> _EXERCISE GOAL_
Your answer must be only the lines below from the one containing "Brown lychee leather" through the one containing "Powdered sugar coated", copied exactly, with the pictures left out.

> _EXCERPTED RECORDS_
►
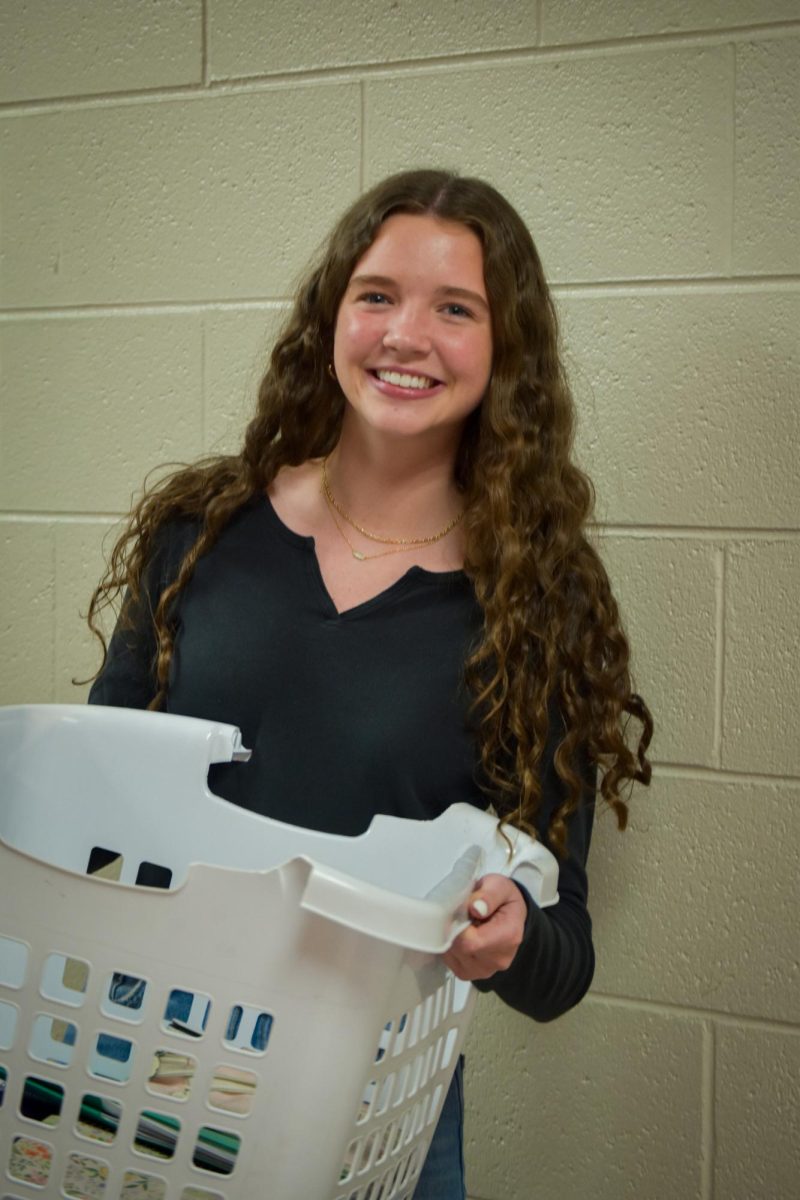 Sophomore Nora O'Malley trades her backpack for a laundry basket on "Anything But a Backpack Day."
◄
►
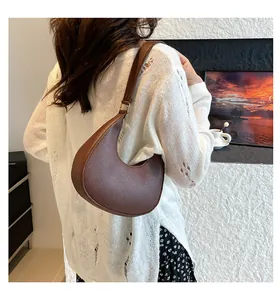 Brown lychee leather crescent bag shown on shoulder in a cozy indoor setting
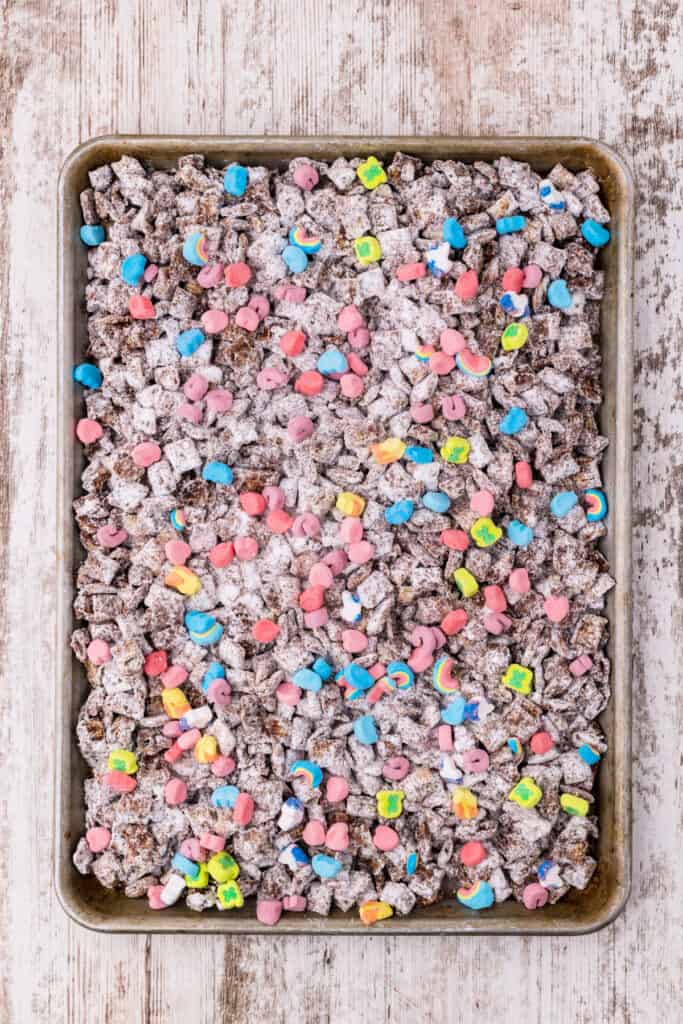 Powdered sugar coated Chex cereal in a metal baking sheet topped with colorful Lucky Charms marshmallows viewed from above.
◄
> _TASK ANSWER_
 Brown lychee leather crescent bag shown on shoulder in a cozy indoor setting
 Powdered sugar coated Chex cereal in a metal baking sheet topped with colorful Lucky Charms marshmallows viewed from above.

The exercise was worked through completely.